*Exercise inputs*.
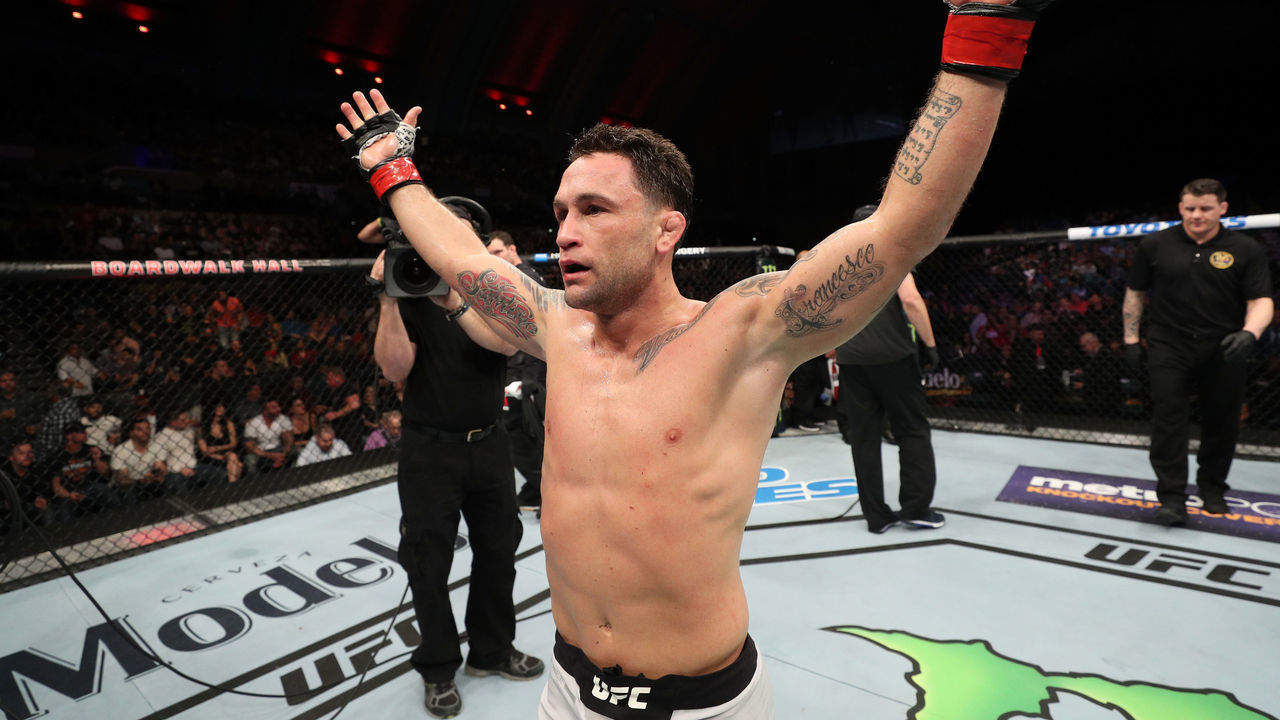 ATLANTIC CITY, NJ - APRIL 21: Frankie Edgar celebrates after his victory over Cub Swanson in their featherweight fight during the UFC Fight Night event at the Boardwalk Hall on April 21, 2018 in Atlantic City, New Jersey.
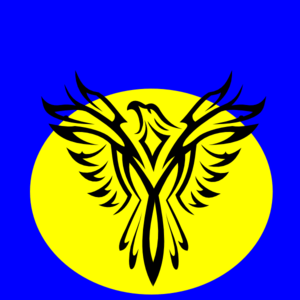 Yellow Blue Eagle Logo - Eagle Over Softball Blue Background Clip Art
==
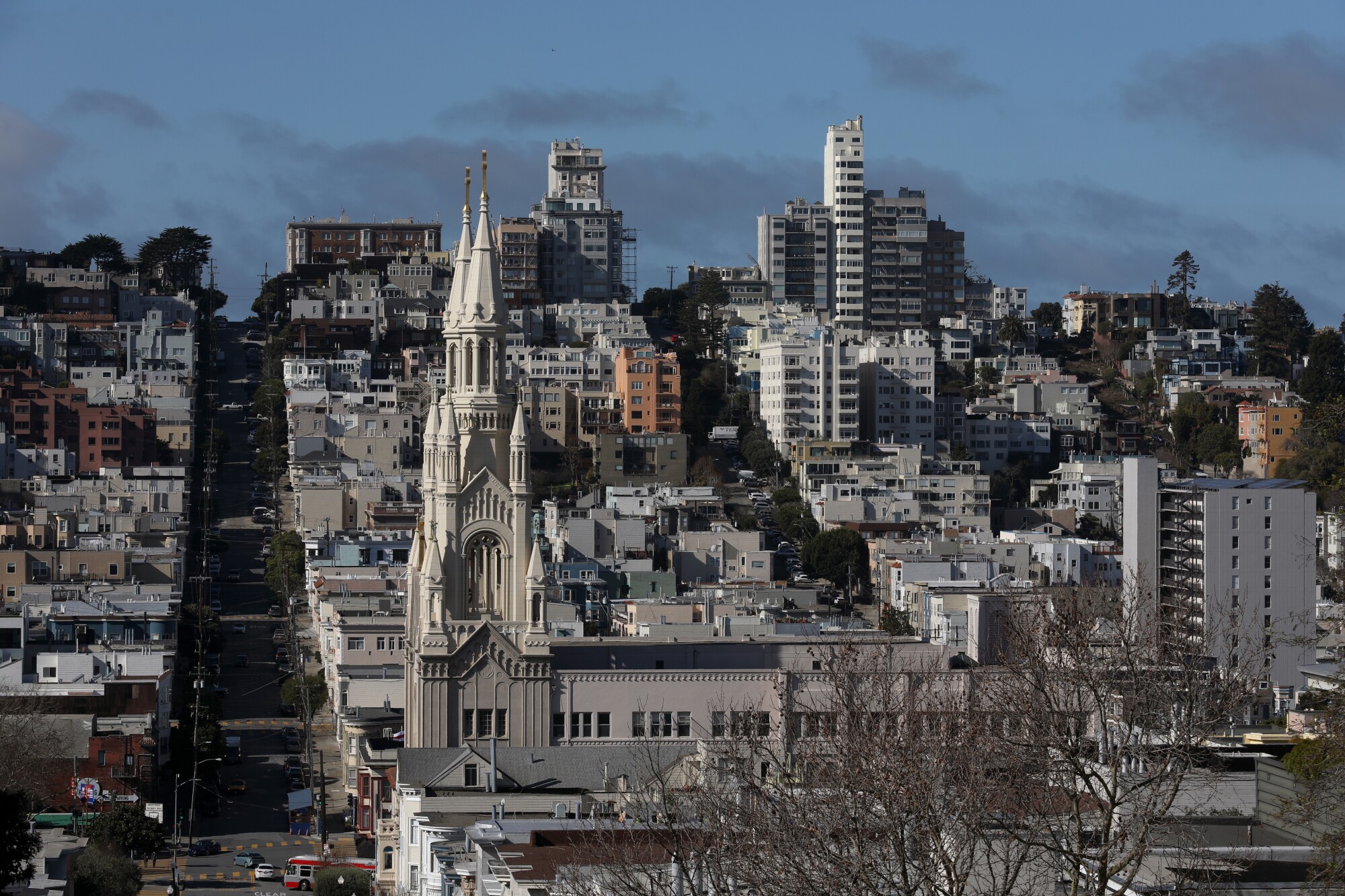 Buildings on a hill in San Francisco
...
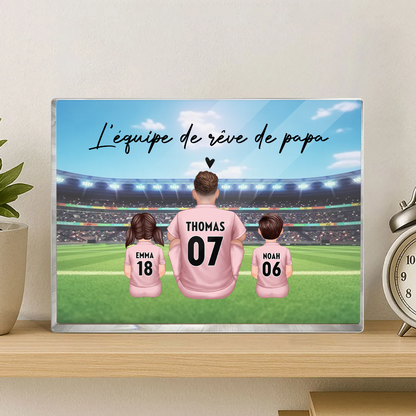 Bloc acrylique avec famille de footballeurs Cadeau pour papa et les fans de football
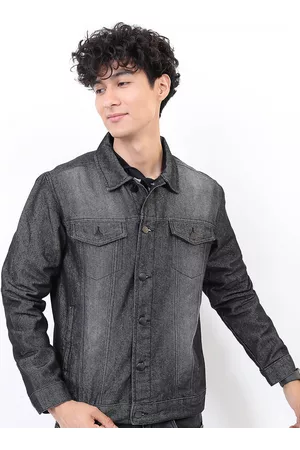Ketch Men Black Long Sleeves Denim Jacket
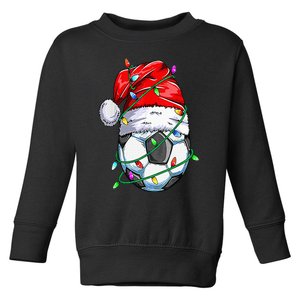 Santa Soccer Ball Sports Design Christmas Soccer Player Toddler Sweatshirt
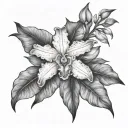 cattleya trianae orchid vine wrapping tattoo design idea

*Problem to solve*.
Reproduce the listing above exactly from the line containing "Bloc acrylique avec" up to and including the line containing "cattleya trianae orchid", omitting any images and everything outside those lines.

*Solution for this exercise*.
 Bloc acrylique avec famille de footballeurs Cadeau pour papa et les fans de football
Ketch Men Black Long Sleeves Denim Jacket
 Santa Soccer Ball Sports Design Christmas Soccer Player Toddler Sweatshirt
 cattleya trianae orchid vine wrapping tattoo design idea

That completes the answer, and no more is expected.